Text as Policy: Measuring Policy Similarity Through Bill Text Reuse

with Bruce Desmarais, Matthew Burgess, Eugenia Giraudy

We propose the use of text-sequencing algorithms, applied to legislative text, to identify bills that introduce similar policy proposals. We present three ground truth tests, applied to a corpus of 500,000 bills from US-state legis- latures. First, we show that bills introduced by ideologically similar sponsors are more likely to exhibit a high degree of text reuse. Second, we show that bills clas- sified by the National Council of State Legislatures as covering the same policies exhibit a high degree of text re-use. Third, we show that rates of text reuse across state borders correlate strongly with the diffusion networks recently introduced by Desmarais, Harden and Boehmke (2015).

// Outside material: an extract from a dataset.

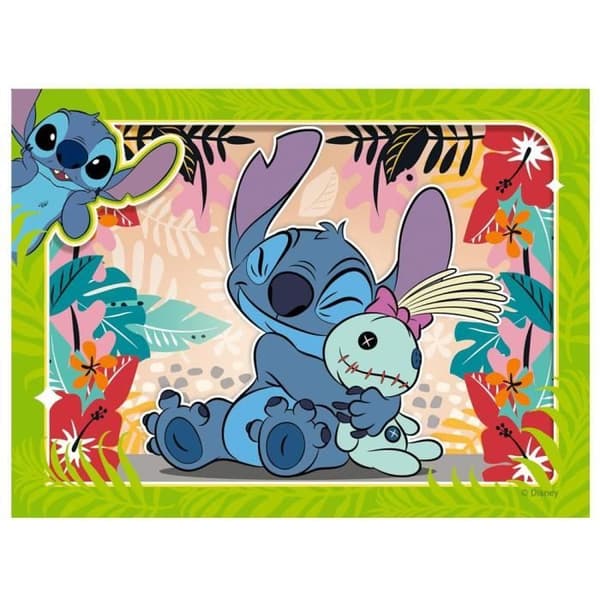 Pussellåda - RAVENSBURGER - Disney Stitch - 12, 16, 20, 24 bitar - Barn - Blå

Privacy Protection for Natural Language

with Alexander Ororbia and Joshua Snoke

Redaction has been the most common approach to protecting text data, but synthetic data presents a potentially more reliable alternative for disclosure control. By producing new sample values which closely follow the original sample distribution but do not contain real values, privacy protection can be improved while utility from the data for specific purposes is maintained. We extend the synthetic data approach to natural language by developing a neural generative model for such data. We find that the synthetic models outperform simple redaction on both comparative risk and utility.

Human Rights Text as Data

with Chris Fariss, Charles Crabtree, Zachary M. Jones, Megan Biek,Taranamoll Kaur, Ana Ross, and Michael Tsai

We introduce and make publicly available a large corpus of digitized primary source human rights documents which are published annually by monitoring agencies that include Amnesty International, Human Rights Watch, the Lawyers Committee for Human Rights, and the United States Department of State.

Exploratory Data Analysis with Random Forest

with Zachary M. Jones

We introduce Random Forest with an emphasis on its practical application for exploratory analysis and substantive interpretation. We provide intuition as well as technical detail about how Random Forests work, in theory and in practice, as well as empirical examples from the literature on American and comparative politics. Furthermore, we provide software implementing the methods we discuss, in order to facilitate their use.

Bias in Ideological Self and Party Placement

In two experiments I show that individuals bias their reported ideological position in a survey, when they are asked to report their own and their preferred party's position together.

Parallel Estimation of Bayesian Measurement Models

with Zita Oravecz

In this project we investigate the feasibility of several parallelization methods for bayesian estimation of IRT models. We compare them to variational and subsampling methods.